Enquanto o Edson montava a barraca eu me encarreguei de buscar água. Lá fui eu, cumpri minha tarefa e retornei alguns minutos mais tarde. Edson já estava terminando a arrumação e me chamou para ir até uma cachoeira que vimos do cume do Marombinha. Eu estava cansado, nem pensar…Fiquei por ali mesmo preparando minha janta, me ocupando em repor as energias gastas durante as longas cinco horas de subida.

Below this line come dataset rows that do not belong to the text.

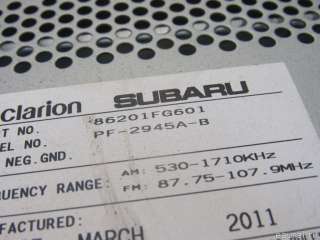 Магнитола Subaru Impreza 5 2009г. 86201FG601 Subaru - Фото 10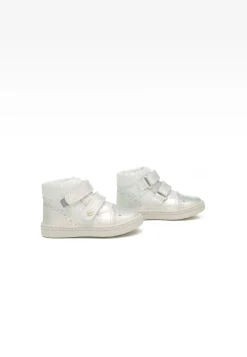 Sneakers BARTEK 091764-025 II, dla dziewcząt, biało-srebrny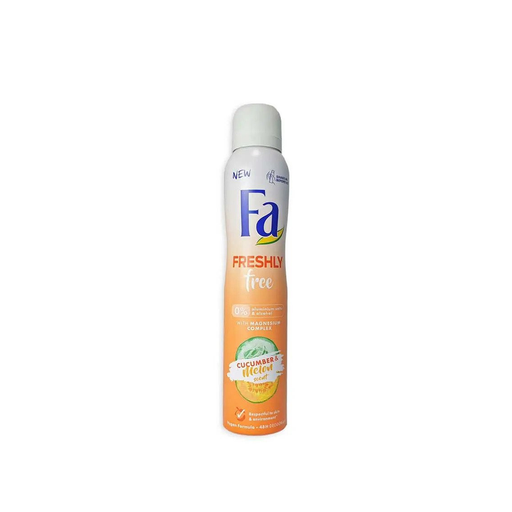 Fa Fa Freshly Free Cucumber Melon Body Spray 200ml Personal Care Light Gray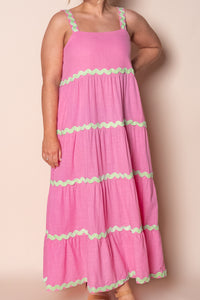 Stella Maxi Dress in Pink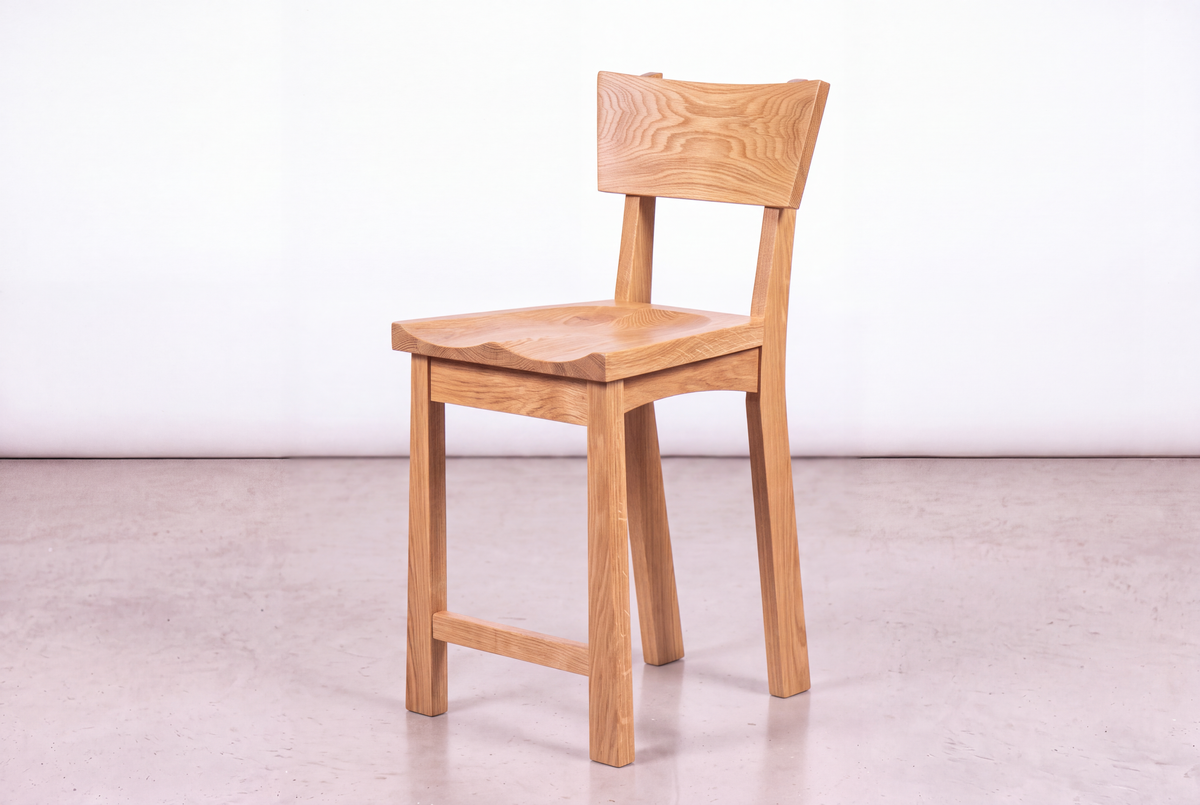 Solid White Oak Counter/Barstool - Enso Collection | TY Fine Furniture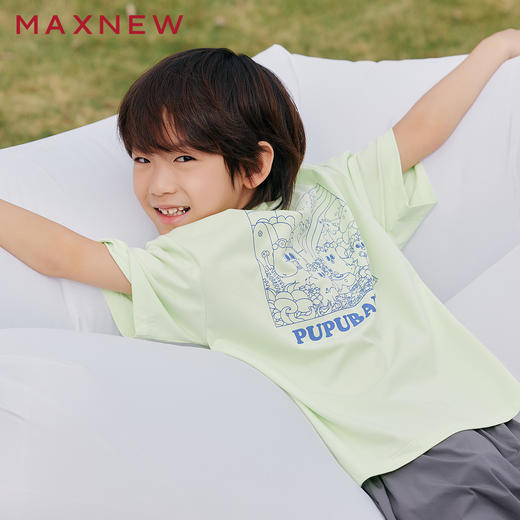 【T恤】奶噗噗联名短袖T恤 1P2341210 商品图0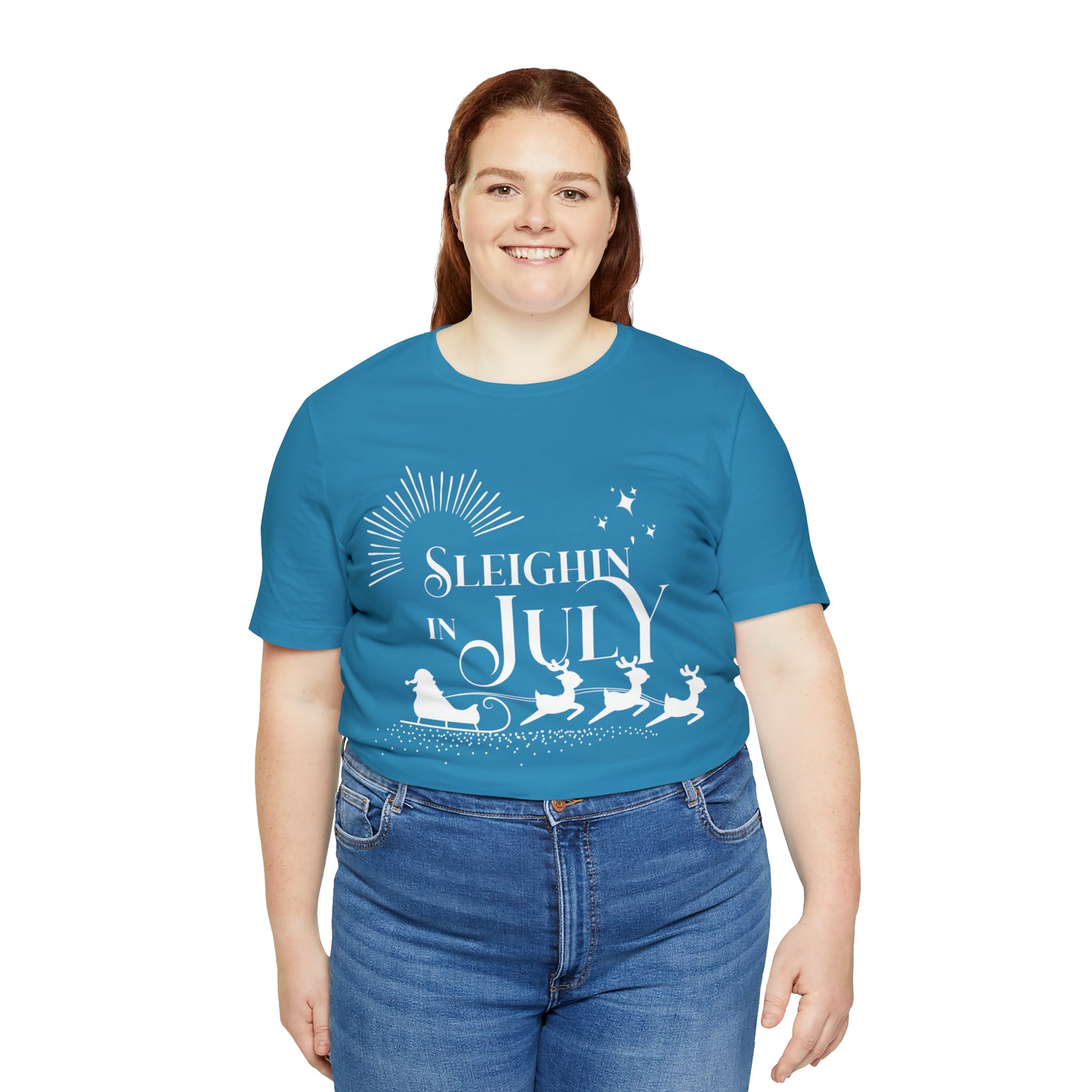 Sleighin in July Shirt | Christmas in July Slay Statement T-Shirt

Lá foi o Vandeira, era 17:00h. O casal deitou após jantar, iriam descansar um pouco. Enquanto eles cochilavam eu jantei, bebi um bocado de suco e, que mais? Fotos é claro. Macro de um Gorgulho pequenino sobre uma rocha, pequenas flores, as mesmas que o Tácio fotografou quando foi ao Morro do Urubu também no Itatiaia semanas atrás, fotografei a paisagem à volta, Pico da Serra Negra, nuvens sobre o Agulhas Negras e o raio que o parta.

O minuto passou, os minutos passaram, a primeira hora se foi, hora e meia e, nada do Edson. O tempo começou a mudar, nublou completamente até que a tempestade tornou-se evidente após tanto calor no mesmo dia. Completou-se a segunda hora, Tácio e Paulinha já estavam acordados. Tácio deu a idéia de irmos atrás do Edson se a noite caísse antes de sua chegada.

Trovoadas e raios mudaram o cenário de tranqüilo para preocupante. Finalmente começou a gotejar no vale. Em cinco minutos a chuva começou a apertar e o Edson pintou na barraca lá pelas 19:15h, pouco antes do anoitecer e do pé d’água que caiu.

Choveu como se fosse o último dia do Planeta, como se todas as plantas pedissem às nuvens “água, eu imploro, água!”. Choveu muito. Enquanto Edson e eu conversávamos a água foi se acumulando e nem percebemos…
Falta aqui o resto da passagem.